Start of PROVIDED DATA

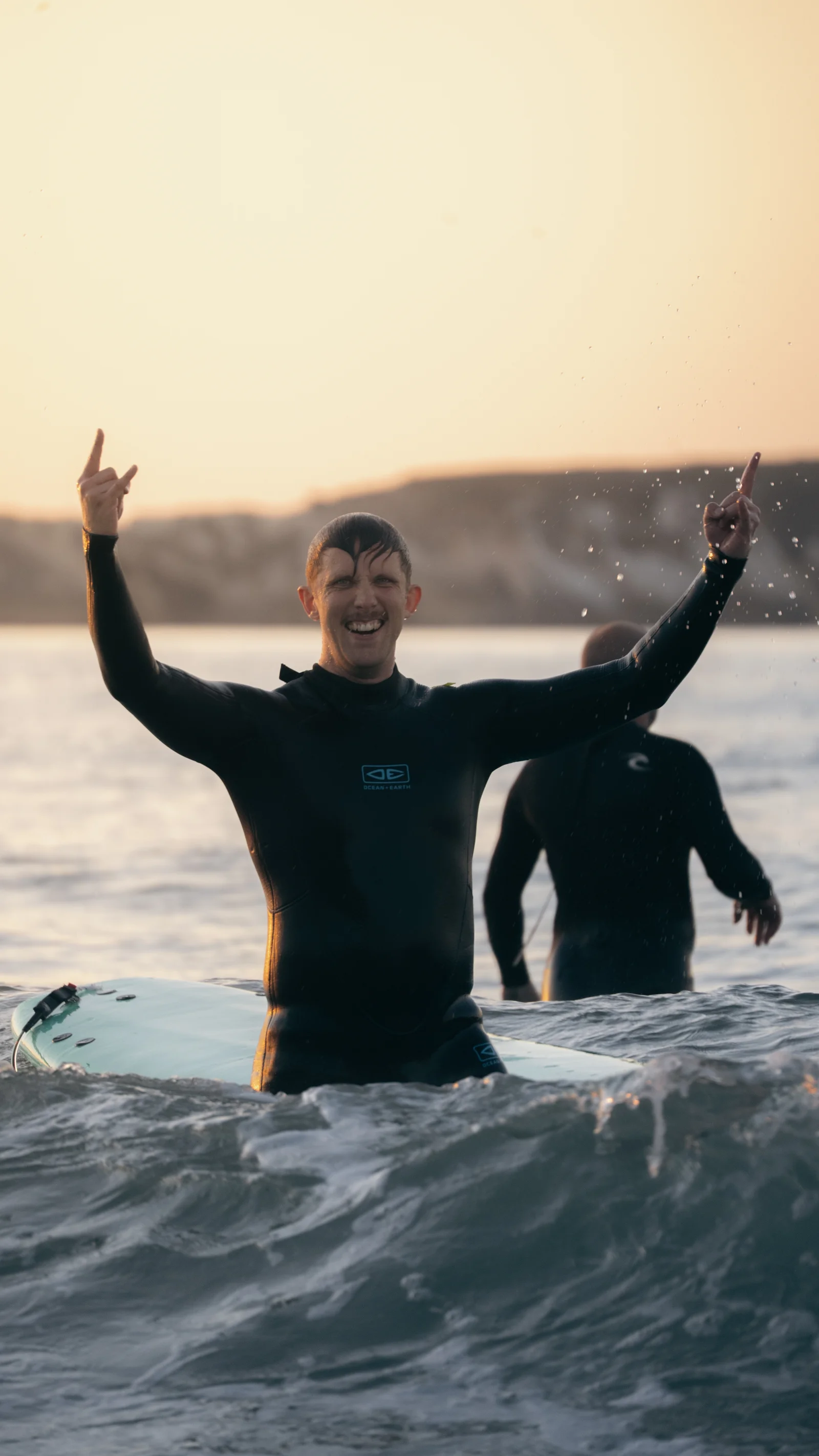 Surfer celebrating in the waves at sunset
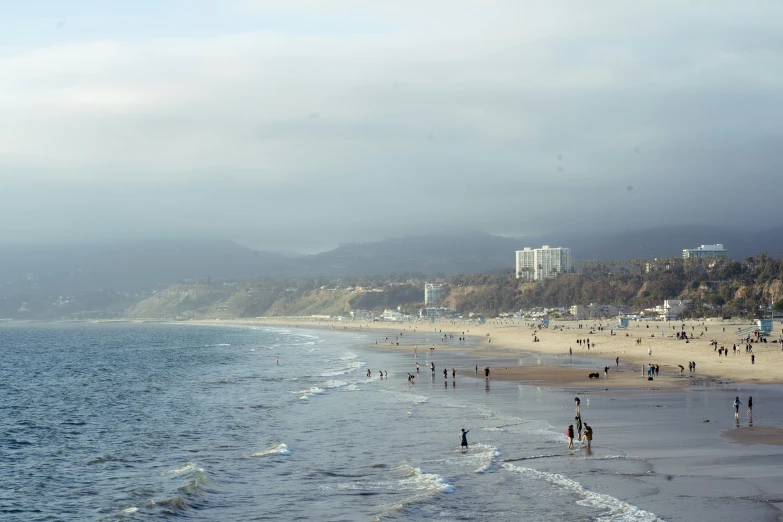 people playing in the sand and water at a beach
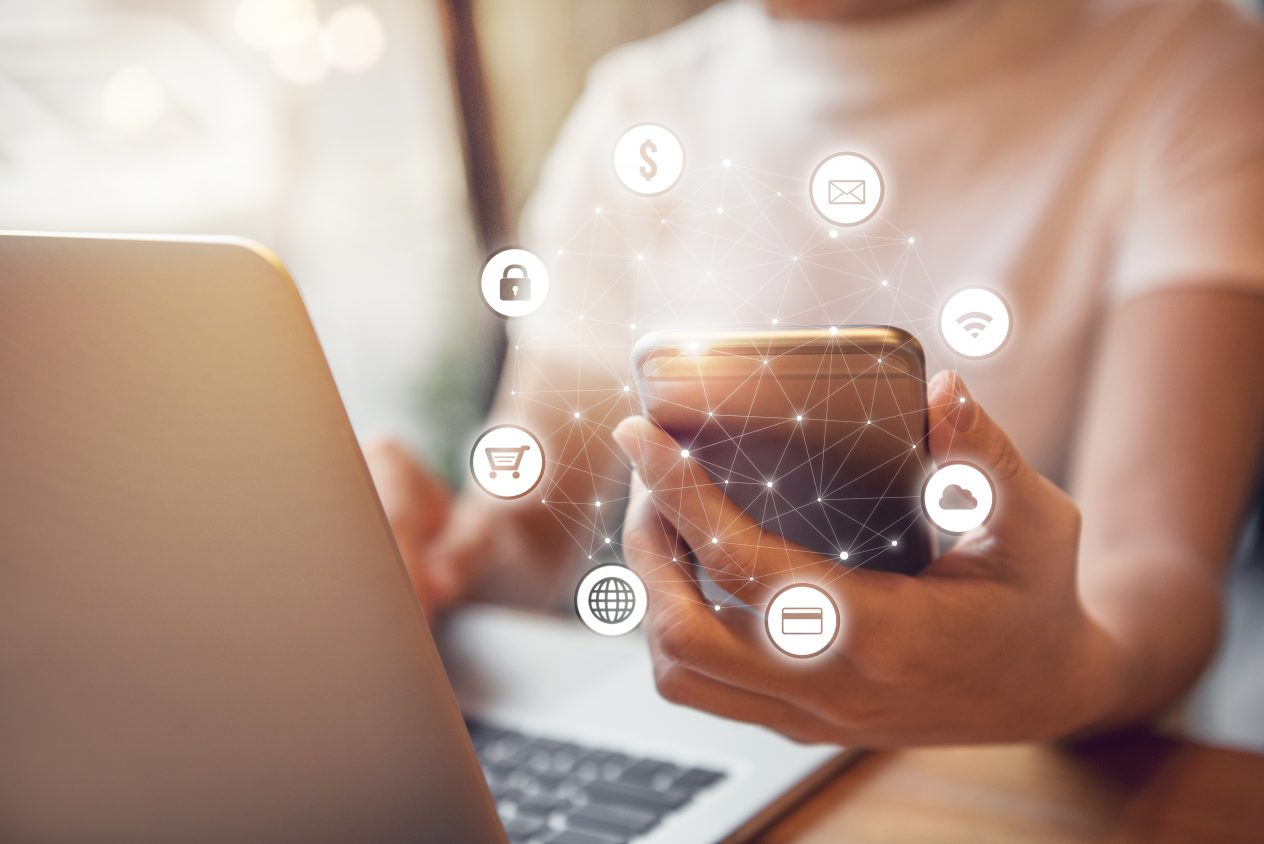 Hand holding smart phone with graphic icon multichannel communication and ecommerce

End of PROVIDED DATA

__EXERCISE__: Please reprint the whole listing exactly and omit its pictures.

__FINISHED TASK__:
 Surfer celebrating in the waves at sunset
 people playing in the sand and water at a beach
 Hand holding smart phone with graphic icon multichannel communication and ecommerce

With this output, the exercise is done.